#' Gather Violated Rules
#' Gather applicable Rules into a usable output (gt & df objects) to be included
#' in the pop-up modal when an uploaded data frame violates said rule(s). This
#' function also validates the rules entered to verify they are in the expected
#' format.
#' @param input,output,session Internal parameters for {shiny}.
#' @param disp_type Check for rules that would result in an error (required
#' variables) or warning (recommended variables)
#' @param datalist A reactive list of data frames (from the data upload module)
#' @param all_df_rules A double-nested list: inner list is named list of
#' variables names that should result in \code{error} or \code{warn} if
#' variables do not exist or are missing for ANY data frame.
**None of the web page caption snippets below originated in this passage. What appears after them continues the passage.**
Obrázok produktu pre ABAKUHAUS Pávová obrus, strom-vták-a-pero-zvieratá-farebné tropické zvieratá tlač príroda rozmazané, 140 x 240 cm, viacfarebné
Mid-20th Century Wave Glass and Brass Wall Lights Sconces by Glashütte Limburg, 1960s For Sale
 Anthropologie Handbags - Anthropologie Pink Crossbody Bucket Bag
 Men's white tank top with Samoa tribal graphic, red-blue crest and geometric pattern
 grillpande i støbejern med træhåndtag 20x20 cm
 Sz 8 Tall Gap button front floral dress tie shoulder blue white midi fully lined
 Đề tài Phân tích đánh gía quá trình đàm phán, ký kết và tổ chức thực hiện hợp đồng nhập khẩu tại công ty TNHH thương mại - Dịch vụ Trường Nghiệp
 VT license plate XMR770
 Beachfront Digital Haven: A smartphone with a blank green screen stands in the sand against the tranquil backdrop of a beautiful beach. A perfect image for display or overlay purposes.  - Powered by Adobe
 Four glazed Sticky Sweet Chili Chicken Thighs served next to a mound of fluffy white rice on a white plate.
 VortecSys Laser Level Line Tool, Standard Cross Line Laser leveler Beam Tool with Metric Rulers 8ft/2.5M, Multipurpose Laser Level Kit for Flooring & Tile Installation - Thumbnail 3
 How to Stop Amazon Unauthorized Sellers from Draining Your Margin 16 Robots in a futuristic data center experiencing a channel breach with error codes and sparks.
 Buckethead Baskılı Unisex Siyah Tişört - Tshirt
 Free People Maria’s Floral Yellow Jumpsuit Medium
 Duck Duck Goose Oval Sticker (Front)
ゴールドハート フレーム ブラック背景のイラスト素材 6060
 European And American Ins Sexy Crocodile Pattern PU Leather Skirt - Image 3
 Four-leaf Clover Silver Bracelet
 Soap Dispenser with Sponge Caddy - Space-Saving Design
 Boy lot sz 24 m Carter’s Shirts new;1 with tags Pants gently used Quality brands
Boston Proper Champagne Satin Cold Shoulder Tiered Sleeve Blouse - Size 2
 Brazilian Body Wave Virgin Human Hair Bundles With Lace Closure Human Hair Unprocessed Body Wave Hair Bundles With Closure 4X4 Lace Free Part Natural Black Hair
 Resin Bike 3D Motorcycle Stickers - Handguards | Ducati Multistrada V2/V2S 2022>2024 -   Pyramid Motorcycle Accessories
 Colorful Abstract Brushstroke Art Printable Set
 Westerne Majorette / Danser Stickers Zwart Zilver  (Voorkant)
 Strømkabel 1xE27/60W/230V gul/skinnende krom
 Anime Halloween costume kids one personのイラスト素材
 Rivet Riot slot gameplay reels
Outer list is
#' unnamed.
#' @param expl_rules A double-nested list: outer list is a named list
#' dataframes. Inner list (for each data frame) contains named lists of
#' variables names that should result in \code{error} or \code{warn} if
#' variables do not exist or are missing for the specified parent data frame
#' @param df_incl_rules A double-nested list: outer list is a named list
#' variable names used to identify a particular class of data frame. For
#' example, the variable name PARAMCD would id BDS class data frames, and the
#' inner list would contain a named lists of variables names that should
#' result in \code{error} or \code{warn} if variables do not exist or are
#' missing for the implied parent data frame.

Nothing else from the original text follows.